Publish Date: 2021-05-31

Word Count: 1.8k

Read Times: 10 Min

Read Count:

Lab 2: Memory Management

Overview

After a long time I've finished Lab 2's task, here I take the notes about my experiment process. This post mainly shows some subtle principle behind the we programmer can use limited memory freely without worrying about causing security trouble. In my opinion, this is totally an art of space management.

Entire Layout Of Virtual Address Space

We can check the design about layout that JOS uses in inc/memlayout.h. And there are lots of useful Macro which help us locate the position in virtual address space.

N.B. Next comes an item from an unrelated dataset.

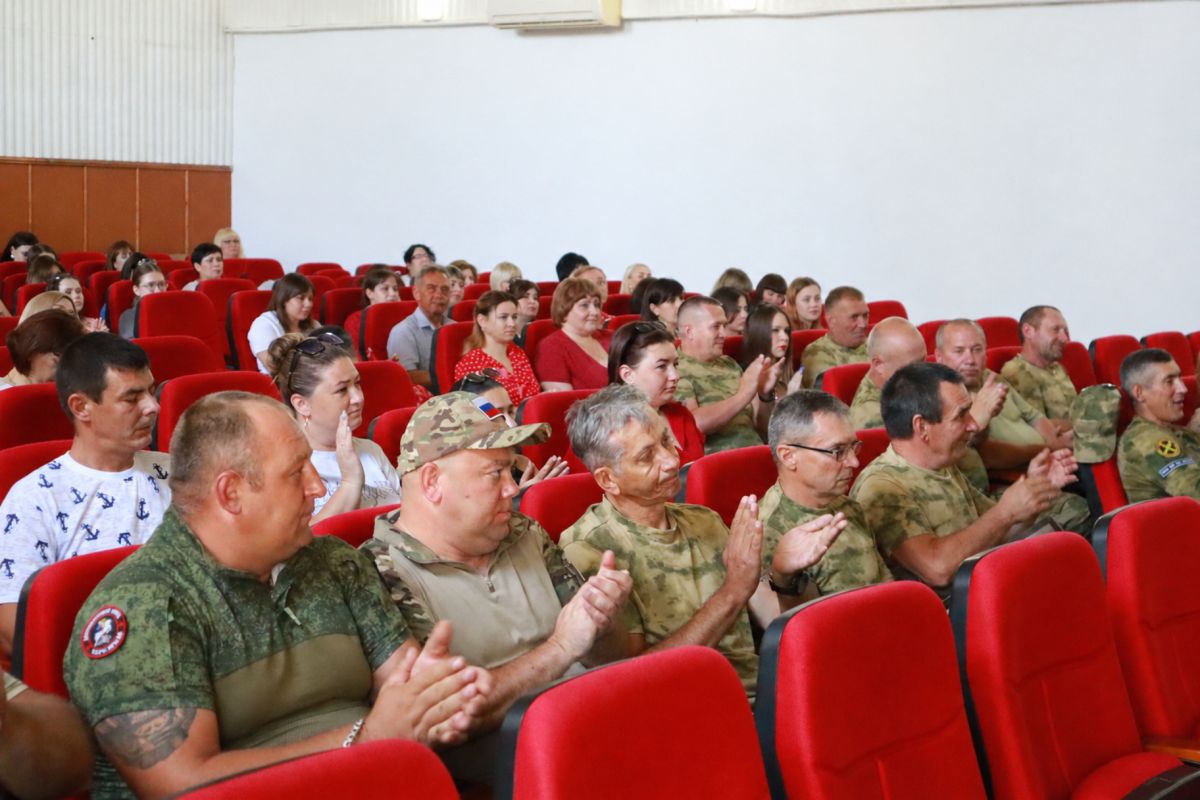 В Белогорском районе почтили ветеранов боевых действий и наградили бойцов «БАРС-Крым»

The region above UTOP is the main stage in lab 2. As for Invalid Memory mentioned in the picture. According to the comment is function mem_init, which is the main character in this lab, it's a "guard page" to monitor.

## Experiment Process

Nowadays, operating system using virtual memory to manage the limit physics resources to satisfy the demand from the real situation in application that required by multi-process. In JOS, the specific method to achieve protected-mode memory management is the combination of segmentation and page translation. Here is a Link introduce details about this method. Honestly, I was deeply amazed by its subtle design at first sight, although it's also really confused to me.

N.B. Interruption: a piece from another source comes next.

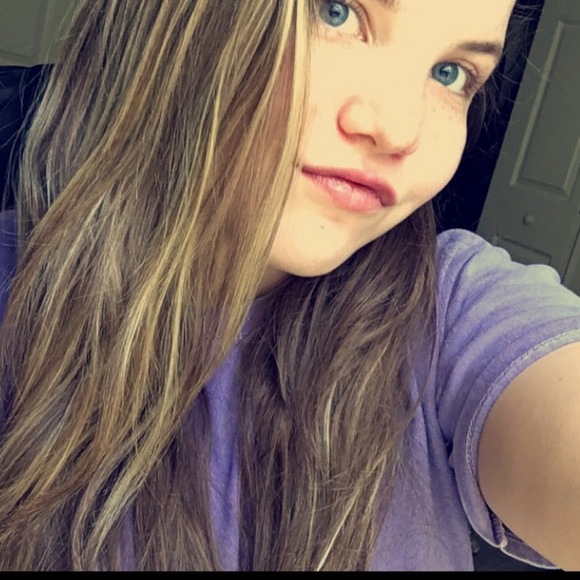 Profile Picture of Lindsey Favors (@lindsey753) on Poshmark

As shown above, the entire translation divided into two steps.

First, with the Selector in the visible part of segment registers and Offset which is used as C Pointer by programmer, we can fetch a Linear Address. GDT & LGDT are the main characters at segmentation translation part. It's detail had been handled pretty well at lab 1. (In boot/boot.S, we installed a Global Descriptor Table (GDT) that effectively disabled segment translation by setting all segment base addresses to 0 and limits to 0xffffffff. Hence the "selector" has no effect and the linear address always equals the offset of the virtual address. )

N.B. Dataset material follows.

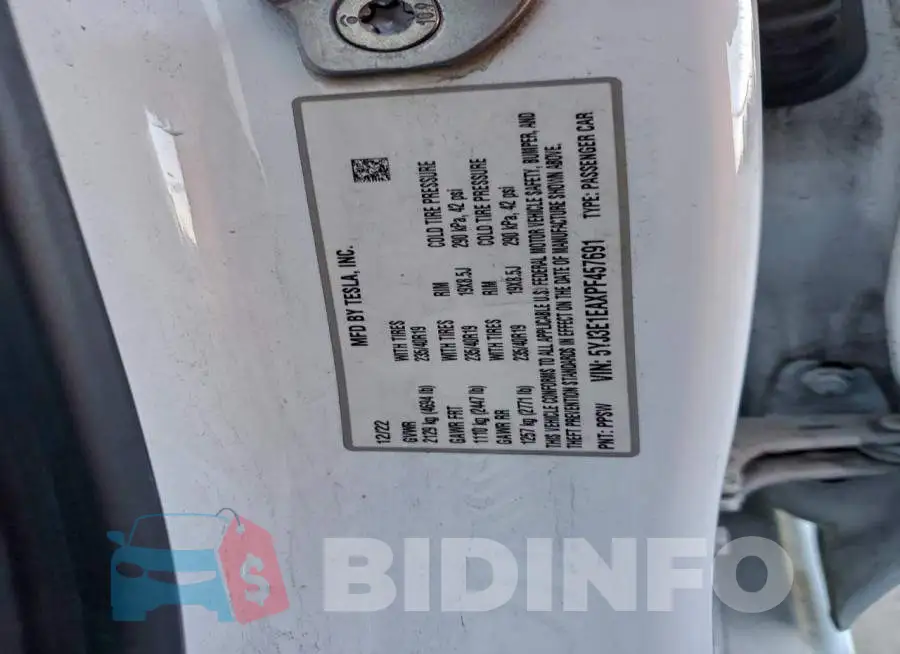 5YJ3E1EAXPF457691 Photo# 12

The second is what we have to care about. As mentioned in the upper link, 80386 use Two levels of tables to address a page of memory. cr3 act similar to what GDT & LGDT act in segmentation translation but not the same. More details, the upper link showed pretty well. We aren't wasting time at here.

Part 1 Before Paging: Physical Page Management

Before we gonna using page table, where exactly it was? The answer is we have to allocate that part by ourselves at the very beginning.

Let's check about our main character: mem_init

The code calling i386_detect_memory needs to read this device hardware in order to figure out how much physical memory there is, but that part of the code is done for you: you do not need to know the details of how the CMOS hardware works.

The operating system must keep track of which parts of physical RAM are free and which are currently in use. JOS manages the PC's physical memory with page granularity so that it can use the MMU to map and protect each piece of allocated memory.

We'll now write the physical page allocator. It keeps track of which pages are free with a linked list of struct PageInfo objects (which, unlike xv6, are not embedded in the free pages themselves), each corresponding to a physical page. You need to write the physical page allocator before you can write the rest of the virtual memory implementation, because your page table management code will need to allocate physical memory in which to store page tables.

Because we haven't allocate page table yet, so before we can allocate page, we have to use some primal method: boot_alloc. As shown in comment, after we use this method allocate space for kernel page directory and an array of struct PageInfo which is used to record information about physical pages, we must abandon this method and using the operation family related to pages management.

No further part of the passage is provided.